Supplied data:
######
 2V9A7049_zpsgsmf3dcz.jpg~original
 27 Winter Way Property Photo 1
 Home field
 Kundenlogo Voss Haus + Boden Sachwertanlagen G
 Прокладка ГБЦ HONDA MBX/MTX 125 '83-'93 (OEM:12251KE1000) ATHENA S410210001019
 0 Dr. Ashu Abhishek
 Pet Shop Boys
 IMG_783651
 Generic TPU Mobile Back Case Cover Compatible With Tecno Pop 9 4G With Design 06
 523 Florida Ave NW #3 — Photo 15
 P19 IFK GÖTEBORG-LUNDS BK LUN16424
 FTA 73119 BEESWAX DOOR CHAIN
######
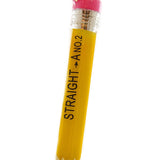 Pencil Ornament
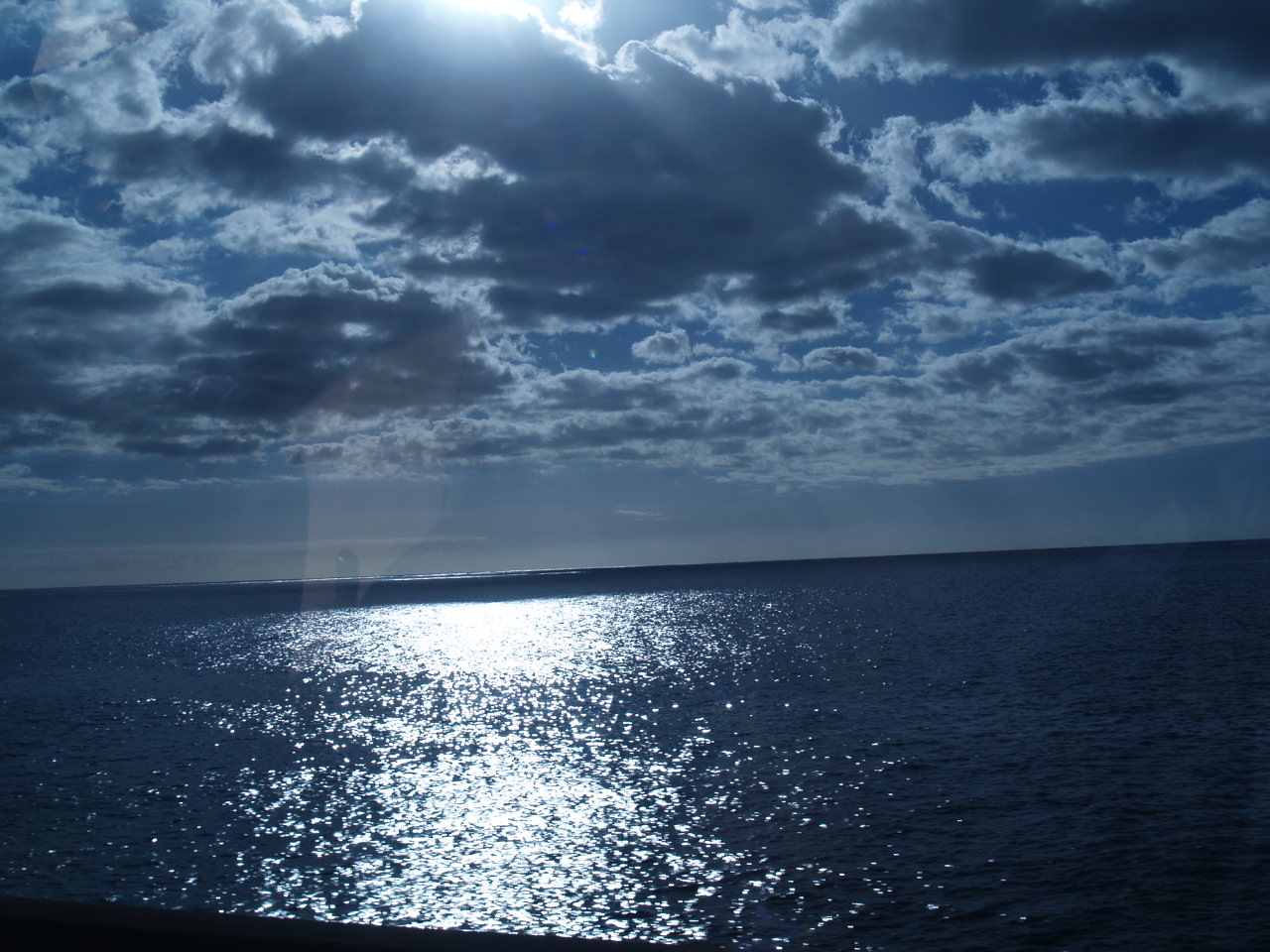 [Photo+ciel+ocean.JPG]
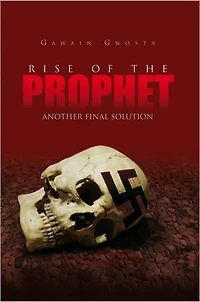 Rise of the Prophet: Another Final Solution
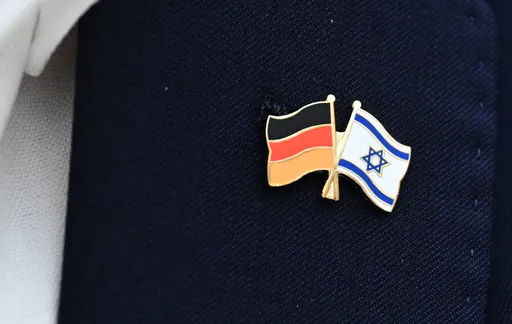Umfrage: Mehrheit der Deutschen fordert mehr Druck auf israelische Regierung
######
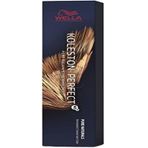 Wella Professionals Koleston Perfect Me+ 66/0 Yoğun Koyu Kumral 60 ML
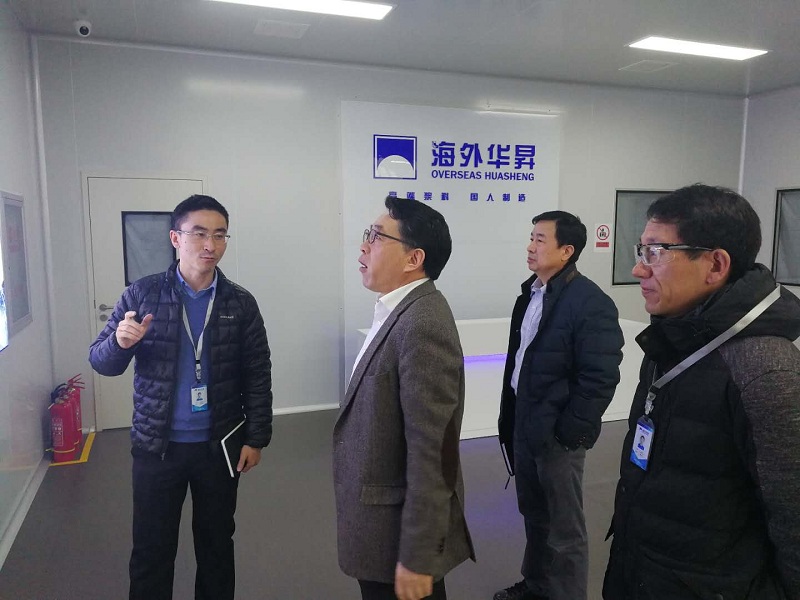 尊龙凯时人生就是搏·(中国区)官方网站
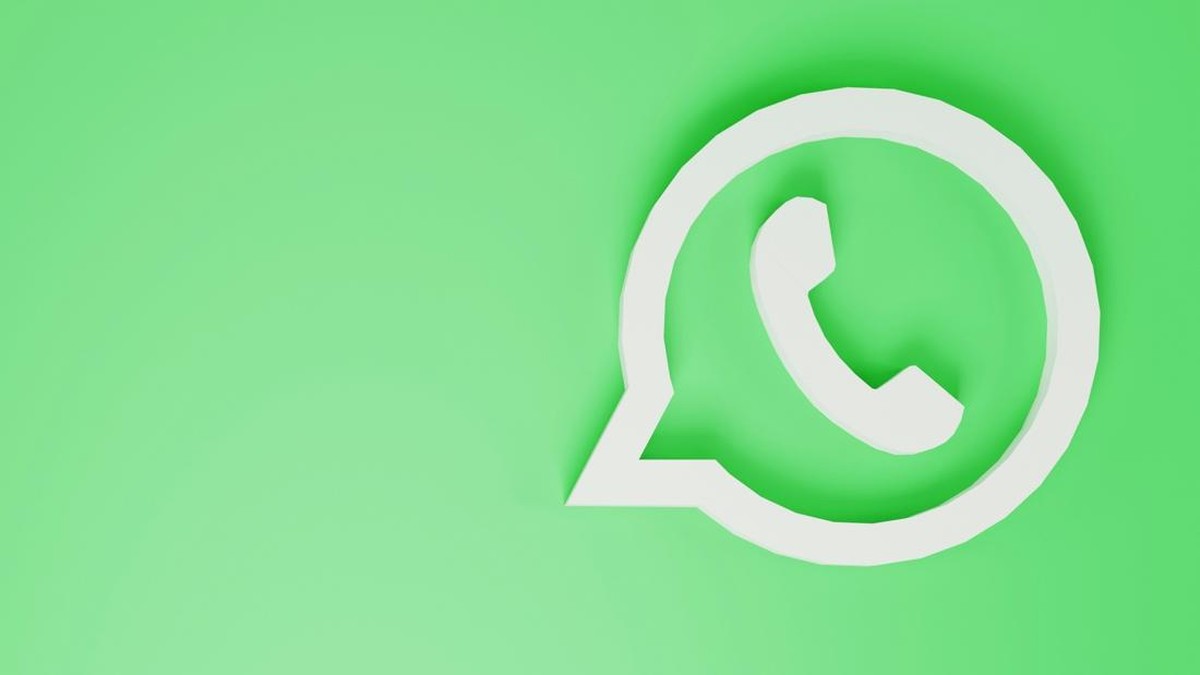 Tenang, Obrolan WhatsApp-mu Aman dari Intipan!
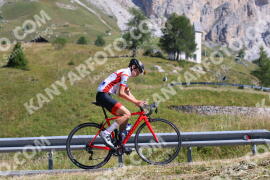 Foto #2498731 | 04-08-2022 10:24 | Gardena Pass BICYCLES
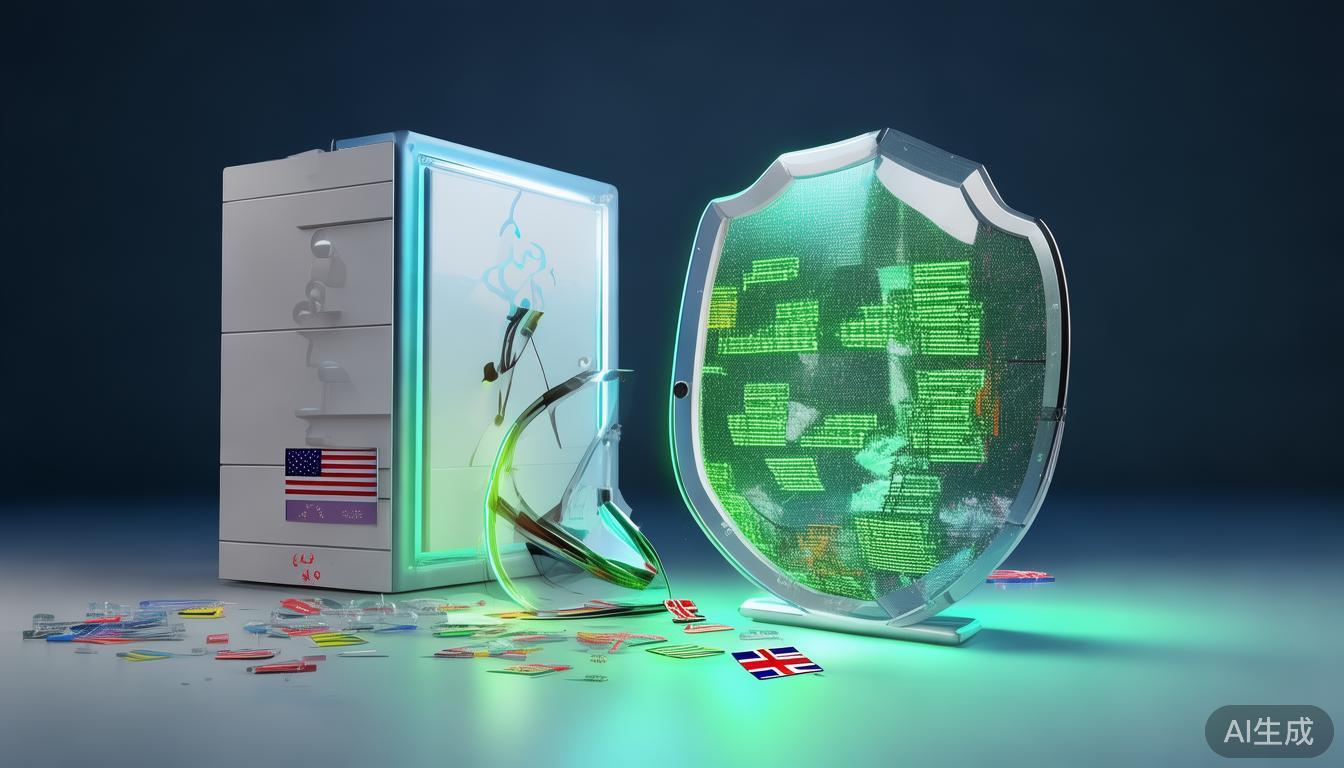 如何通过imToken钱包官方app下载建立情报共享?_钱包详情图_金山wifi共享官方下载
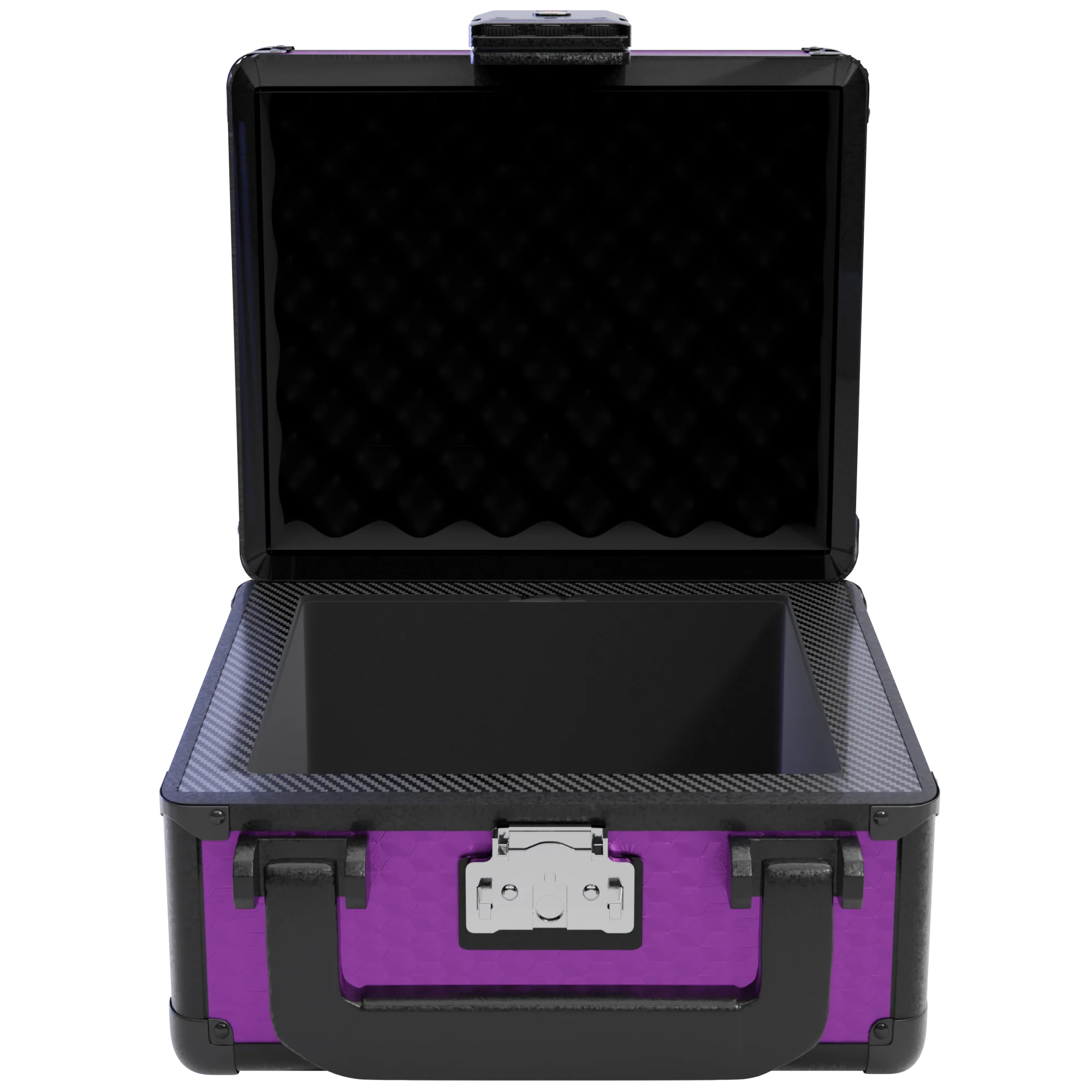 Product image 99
######
Task requirements:
Using the data above, transcribe exactly the lines between those containing "Rise of the Prophet: Another Final Solution" and "Umfrage: Mehrheit der", inclusive, and leave every picture behind.

Answer to this problem:
 Rise of the Prophet: Another Final Solution
Umfrage: Mehrheit der Deutschen fordert mehr Druck auf israelische Regierung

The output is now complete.